The next type of ceilings represents vassa, entirely replaced by painted squares. There are two variants of this type. The first variant represents a ceiling structure, which remains exposed, as the squares are located above the beams and are divided by painted stalks – bandi. The second variant represents a uniform net of squares, located at a level of the lower sides of beams. The ceiling divided in squares has a character of caisson ceiling. Some caissons are decorated by stalactite dome-shaped hollows – hauzak. These two types of ceilings are characteristic also for cities of Bukhara region and Fergana valley.
In interiors of Tashkent houses, we can find some kind of a board ceiling, which entirely hides beam structures. By a form, such ceilings represent planes, decorated by relieved ghirih from planks, contoured by strongly profiled cornice. The planks are painted in gold or silver colour, depending on a general composition and palette. This variant is represented at the house № 18, S. Rahimov’s street, pr. Shahtinsky.
One more variant of the most complicated design of a ceiling – figured board plafonds, where diverse geometrical figures of squares and hexagons divide a ceiling in some levels. These plafonds are characteristic, chiefly, for palaces or elite houses. In this case, we should note that designing clarity of a ceiling is lost. Each plane is decorated by relief ghirih from planks. The space between them is completely painted by a rosette-flower pattern. Prevailing palette – white, red, yellow and green colours. The painting is well combined with decorative solution of profiled cornices, giving some grandiosity to such plafond.
Especially interesting is a ceiling – chor-burchak, installed above avian – kashgarcha. It has an original design – four beams of ceiling structures are installed by their ends onto the middle of the wall, forming a diagonal arrangement of caissons in the center, and triangular panels on the corners of a square (the house of Tursunbai, # 87, Shahtinskaya street). Its name – chor-burchak means four corners. Such ceilings were widely spread in the Fergana valley, in this case it has original interpretation (2, p. 22).
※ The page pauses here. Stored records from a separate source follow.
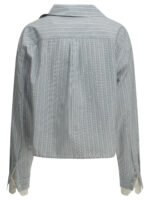 ACNE STUDIOS veste femme bleu – Image 2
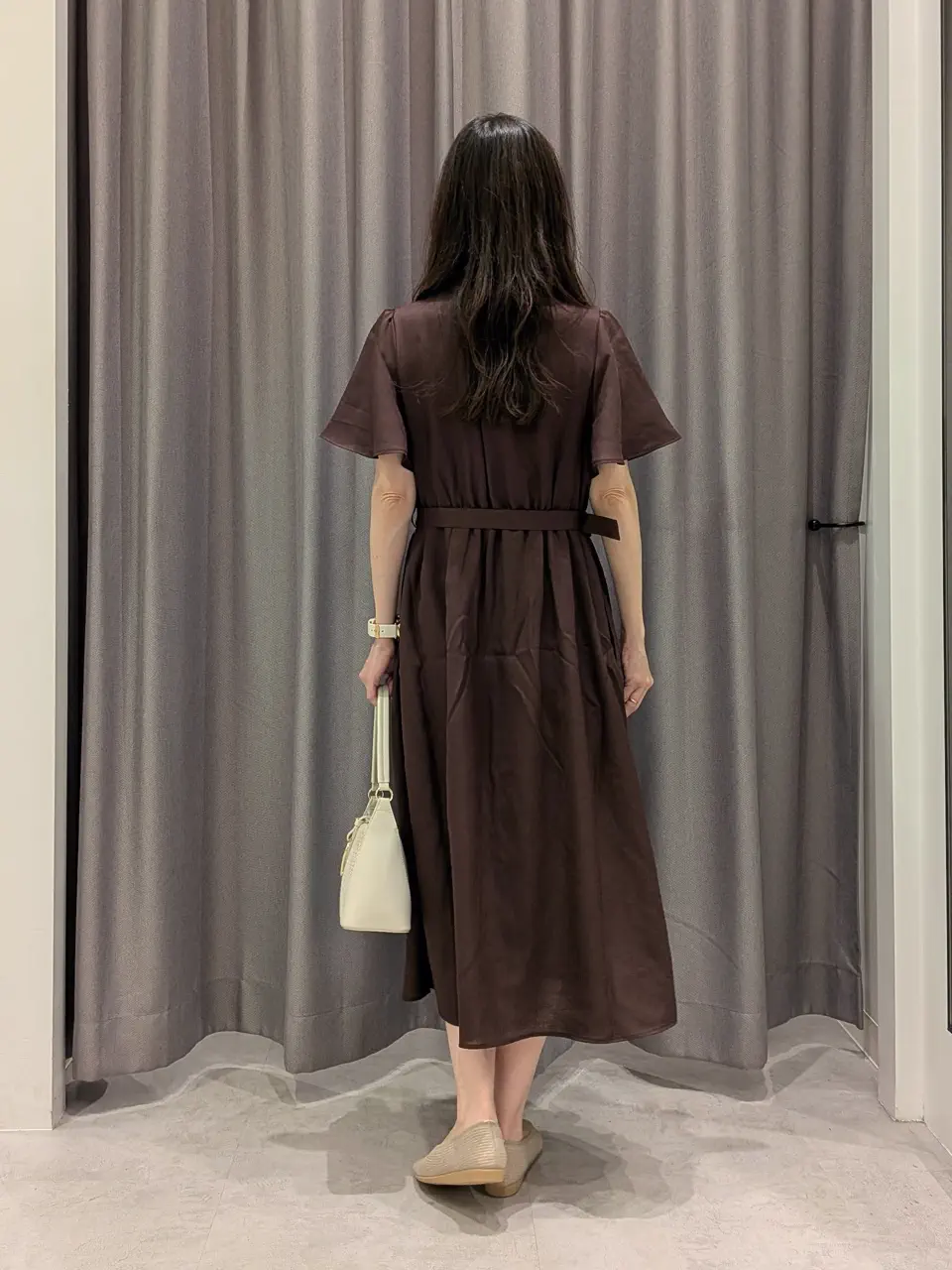 ONWARD CROSSET SELECT 浅岡 コーディネート画像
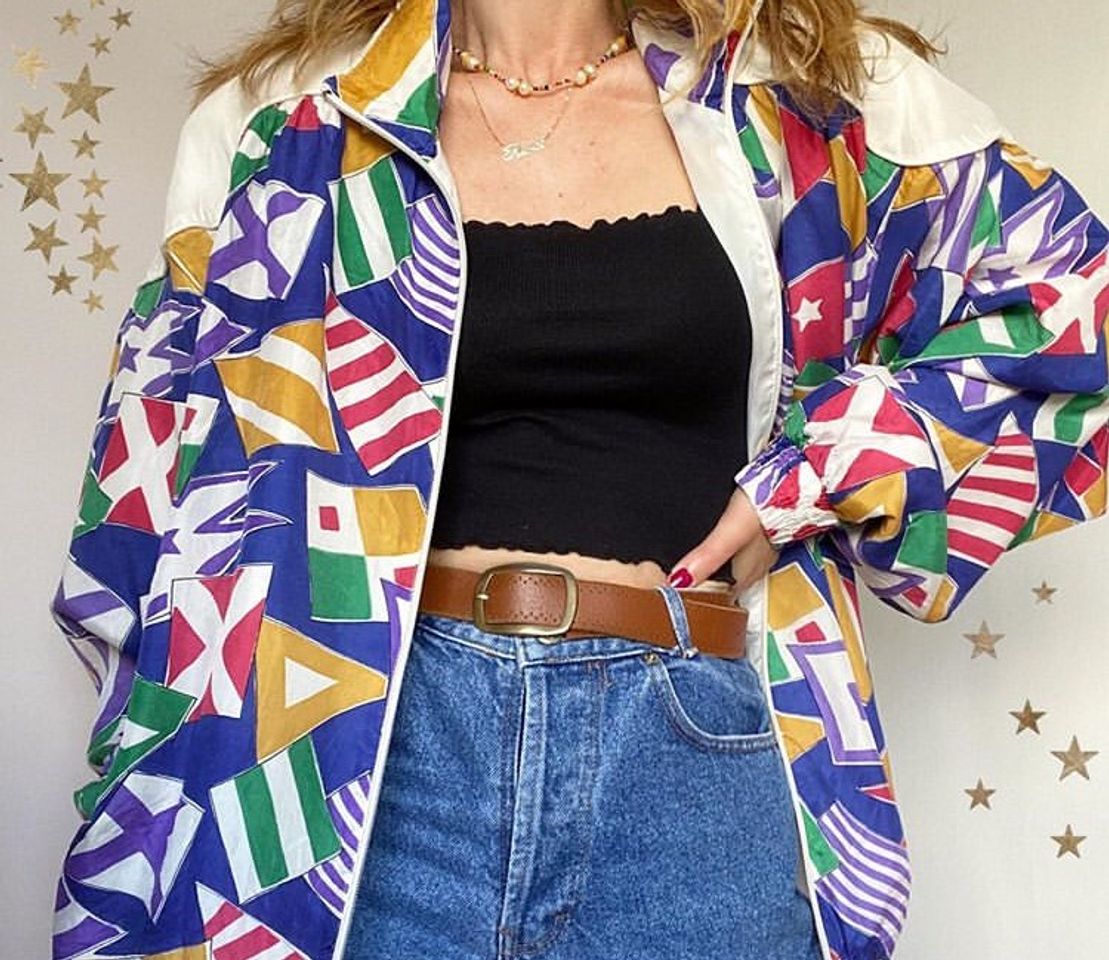 Social 80s vibes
Surveying separate samples of Tashkent wall paintings at dwelling houses, we must note that, in that period, they were carried out in traditions of Fergana school. The reason, probably, lies in geographical neighborhood of two regions, what enabled masters to work in this or that city without problems. However, unlike masters from Fergana, Tashkent masters more often used ghirih, characteristic for Bukhara school, or those approved patterns, which were initially created for interiors of palaces and elite houses. Compositional solutions of interiors are various and interesting. Decor of rooms and aivans is based on traditional principles of national architecture.